L’eritema da sudore al collo, al contrario, è piuttosto comune e si manifesta con le classiche chiazze rosse accompagnate da vescicole pruriginose. Bisogna tenere a bada l’istinto di grattarsi, visto che la pelle qui è davvero delicata.  

Il seno

Anche il torace e la zona sotto il seno sono soggetti alla miliaria, essendo ricche di ghiandole sudoripare e sempre coperte. La biancheria di cotone non troppo stretta, unita all’abitudine di rinfrescarsi spesso, può aiutare. 

Le ascelle

L’incavo delle ascelle è una zona in cui si suda parecchio, e quest’irritazione cutanea ne è la naturale conseguenza. Fermo restando che il sudore è assolutamente naturale e fisiologico, soprattutto d’estate bisogna lavarsi spesso con acqua e detergente neutro, applicare un deodorante ben tollerato e prediligere le maglie in cotone o lino, cambiandole appena si sporcano.

Come curare la dermatite da sudore

Finora abbiamo parlato di macchie, vescicole e prurito; ma c’è qualche accorgimento utile per tenere alla larga questi fastidi? Parliamoci chiaro: non possiamo fare granché per evitare di sudare, soprattutto considerate le temperature tropicali a cui stiamo facendo l’abitudine anche nelle città italiane. Quello che possiamo fare è prenderci cura di noi stessi e della nostra pelle soprattutto quando fa molto caldo, indossando capi in fibre naturali come il cotone e il lino, idratandoci di frequente e prediligendo frutta, verdura e cibi freschi e leggeri. È buona norma anche leggere con attenzione le etichette di cosmetici, deodoranti e saponi, prediligendo quelli dalla formulazione neutra.

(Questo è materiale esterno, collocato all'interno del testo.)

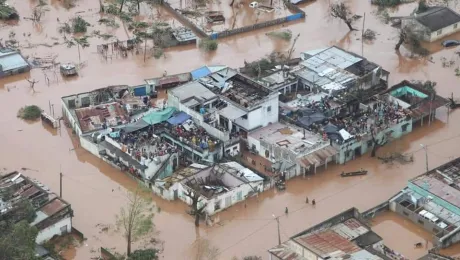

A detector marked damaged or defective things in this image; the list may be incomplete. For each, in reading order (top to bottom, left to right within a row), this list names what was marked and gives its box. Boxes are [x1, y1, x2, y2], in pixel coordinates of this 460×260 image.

Se tutte queste precauzioni non sono bastate e siamo alle prese con l’eritema da sudore, vengono in nostro aiuto alcuni rimedi naturali come gli impacchi di salvia o di camomilla. I pediatri di solito consigliano il bagno con amido di riso, ma nulla vieta di prendere questa abitudine anche da adulti: si acquista in farmacia, in erboristeria o anche al supermercato, può essere arricchito con gli oli essenziali e lascia la pelle piacevolmente morbida e asciutta, alleviando infiammazioni e scottature.

Possono aiutare anche le pomate all’ossido di zinco (per intenderci, quelle che si spalmano dopo il cambio pannolino dei neonati), mentre vanno evitate quelle troppo grasse e untuose. Quando invece la dermatite da sudore è più insistente e fastidiosa, il dermatologo può prescrivere una terapia a base di cortisone o antistaminici.